Last Saturday as I was preparing for my early Monday morning flight, I thought to myself, “I’d better head down to the bookstore so that I have something to read on the plane.” So there I was when something immediately caught my eye; it was a bright read book cover with a drawing of a chiseled looking guy punching a gorilla in the face.

“Oh my god”

I actually think my pants got slightly tighter when I saw the cover. The book is titled “The Alphabet of Manliness” and was penned by one of the very first absurdist writers on the Internet, Maddox. For those of you who don’t know, Maddox is responsible for The Best Page in the Universe (which clearly hasn’t had a layout update since it launched 1997, but that’s part of its awesomeness).

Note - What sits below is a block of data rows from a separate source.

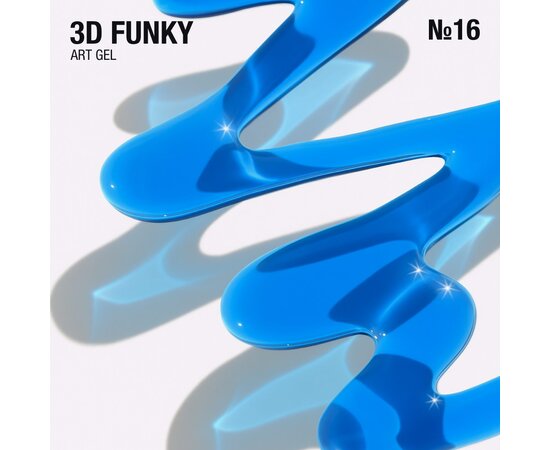 Изображение 2 Stained glass gel for three-dimensional designs Adore 3D Funky Art Gel 16 ultramarine blue, 15 ml, Volume (ml, g): 15, Options: 16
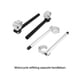 thumbnail image 2 of Speravity 1 par de manillares de motocicleta, manillar de motocicleta ajustable, reemplazo de barra, tubo de montar de aleación de aluminio extraíble, Accesorios para motos Plata Speravity VI017331-02B, 2 of 6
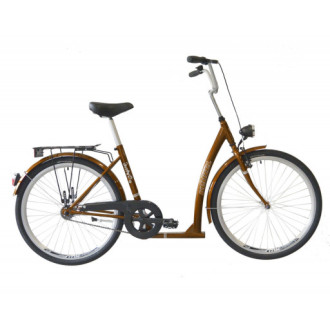 Městské kolo Kenzel Sit n’go Ceremony 1spd 26" 2026 hnědé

Anyways, the book is pretty much a rundown of the alphabet, that’s A through Z for those of you who didn’t know of everything manly, for example A if for ass kicking and I is for irate. Now to be honest, I started to get a little worried when I was reading the chapter on boners next to a 70 year old woman at the airport terminal and I got even more worried when I began to laugh out loud and all the other 70 year olds heading to West Palm Beach were looking at me.

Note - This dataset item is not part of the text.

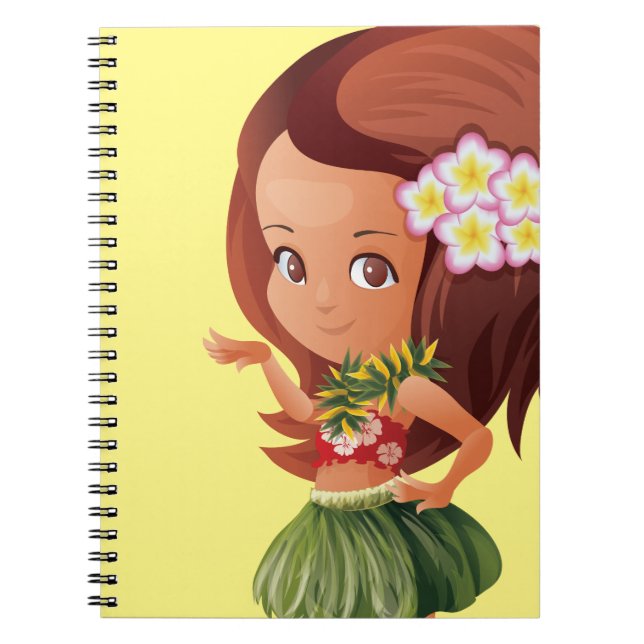 Hula girl notebook (Front)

Honestly, this book is hilarious. There have maybe been 3 or 4 things that I’ve read on the Internet in my life that have made me laugh out loud and there have probably been zero books, but this one changed all that. I found myself laughing loudly to several chapters in the book, except the Chuck Norris chapter (only because the Chuck Norris fad has been so played out since last January).

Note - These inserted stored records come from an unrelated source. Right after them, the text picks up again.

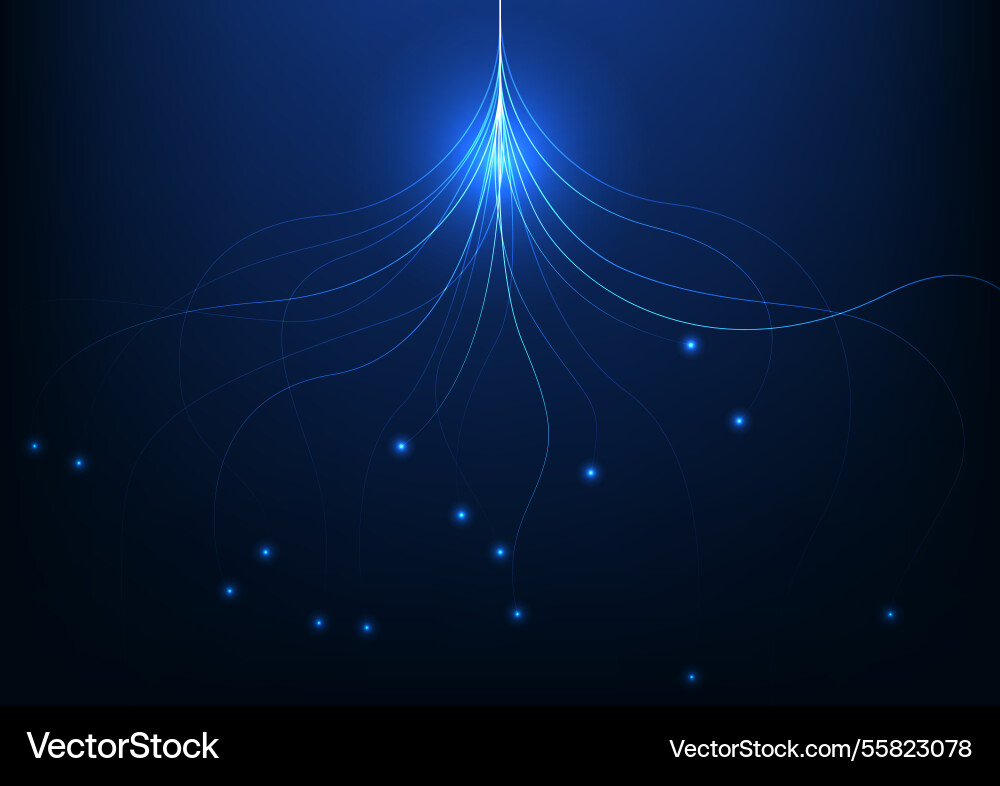 Big data technology background the lines Big data technology background the lines vector image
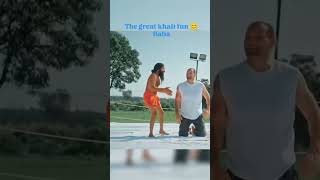 The Great Khali And Baba Ramdev Ji Ll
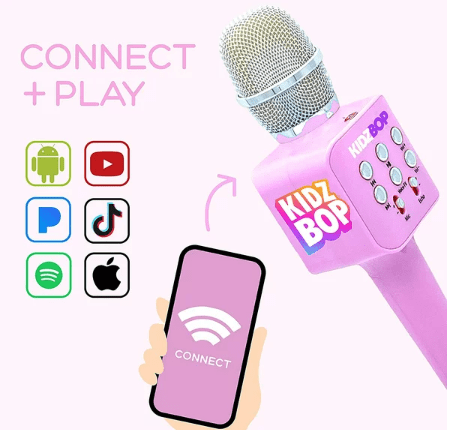 Move2Play Kidz Bop Karaoke Microphone Gift, The Hit Music Brand for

So do yourself a favor and go out and buy the book and don’t check it out from your local library because libraries are for little kids and people that don’t own computers. And make sure you don’t take yourself too seriously when reading it, take it in stride and enjoy yourself. If you find yourself wanting to write some kind of hateful email to the author after reading the first few chapters go ahead and do it, I’m sure it will appear in his hate mail section. Following that you may want to consider suicide because you’re clearly incapable of having any sort of fun whatsoever.

P.S. 95% of the reviews you read on the Internet are bullshit. That’s because the reviewers usually get the book/movie/whatever they’re reviewing for free and if they want to continue to get free stuff from that publisher, they won’t be too scathing in their review. This isn’t one of those cases, I paid $15.95 for the book and so should you.